Lo stile e la scrittura di Tom Wolfe
Lo scrittore si era definito “neo-pretentious” nel suo modo di vestire. Ma nei suoi libri era l'esatto contrario
L’ultima volta che lo hanno crocifisso – parlando di letteratura – fu quando scrisse “Io, Charlotte Simmons”. Come osava uno scrittore maschio settantenne scegliere come protagonista del suo romanzone una ragazza al primo anno di università? Come poteva un gentiluomo della Virginia che aveva come divisa i completi bianchi con l’orologio nel panciotto e certe scarpe bicolori personalmente disegnate e fatte fare a Londra, raccontare una ragazza con l’ombelico scoperto? Come poteva, e soprattutto come osava?

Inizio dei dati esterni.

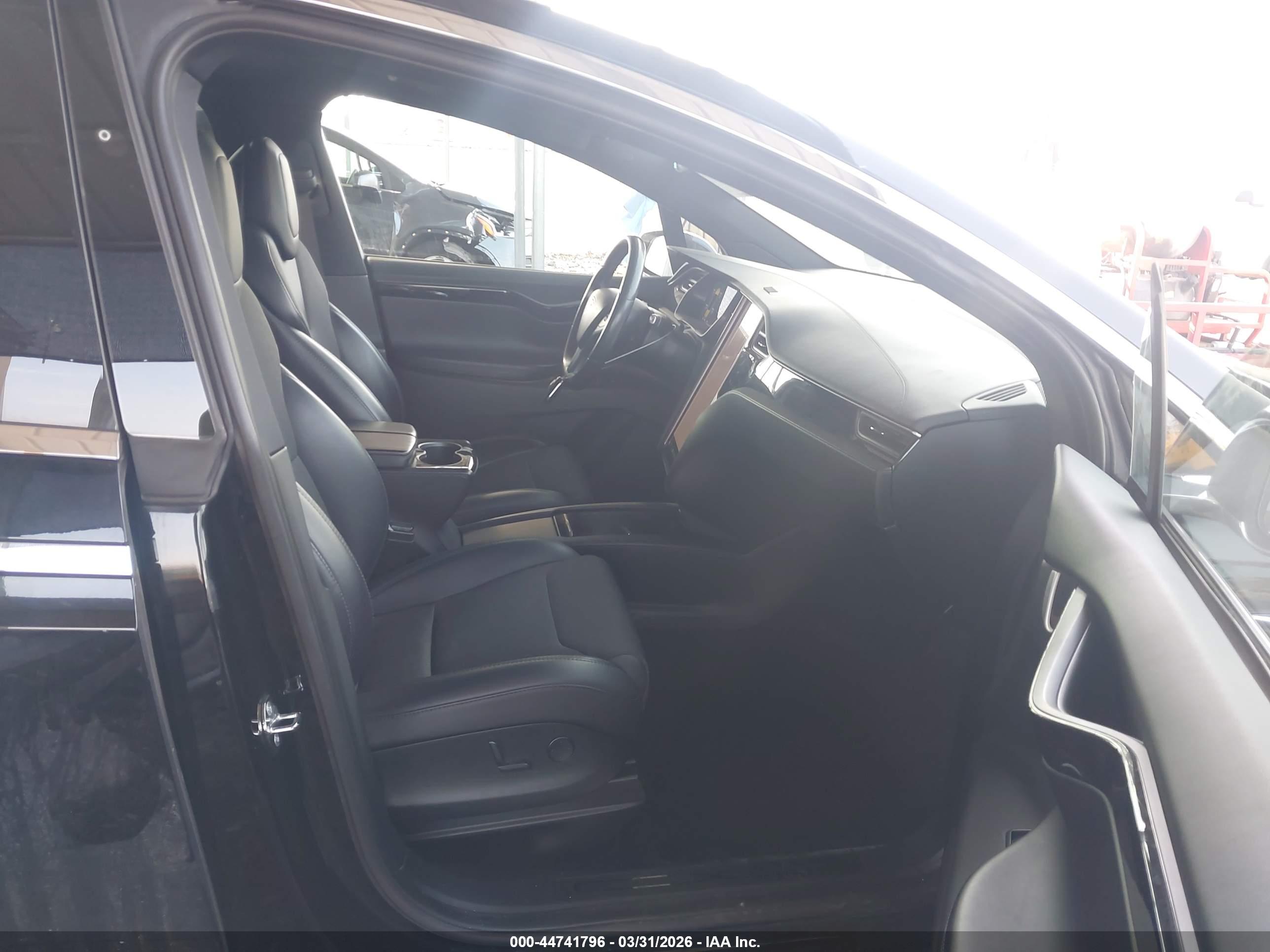 TESLA MODEL image 5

Poteva, certo che poteva. E osava, certo che osava. Questo fanno i grandi scrittori: inventano. Se raccontassero soltanto le faccende di cui hanno esperienza, i romanzi sarebbero di una noia mortale. Lo stanno diventando, con la mania dell’autofiction, e delle esperienze in cui rispecchiarsi. Tra parentesi: c’è stato un tempo felice in cui i lettori credevano di riconoscersi in Proust, non nella cugina Sofia che non riesce a rimediare un moroso.
Mica è necessario metter sotto con la macchina un giovanotto nero nel Bronx, per scrivere “Il falò della vanità”. E raccontare, si era nel 1987, la commedia umana che si scatena attorno al finanziere di Wall Street – Master of the Universe, per gli amici e per i nemici – che sbaglia strada, e oltre al resto ha un’amante da tener nascosta alla moglie. Brian De Palma ne ha tratto un film nel 1990. Ma con tutto il rispetto, la sua cinepresa non riesce a stare dietro alla prosa di Tom Wolfe, generosa e degna di Balzac.
Gli danno la colpa anche del new journalism, che una volta era una cosa seria e oggi significa “inizia l’articolo dicendo che lo scrittore sorseggia una tisana”. Secondo la leggenda, stufo di combattere con un articolo che gli resisteva, mandò al caporedattore i suoi appunti e i suoi dubbi. Furono pubblicati tali e quali. Nel 1964 salì sul pulmino che girava gli Stati Uniti distribuendo LSD per spalancare le porte della percezione (un’idea di Ken Kesey, lo scrittore di “Qualcuno volò sul nido del cuculo”).
Aveva definito “Neo-pretentious” il suo stile vestimentario. Il suo stile di scrittore era esattamente il contrario.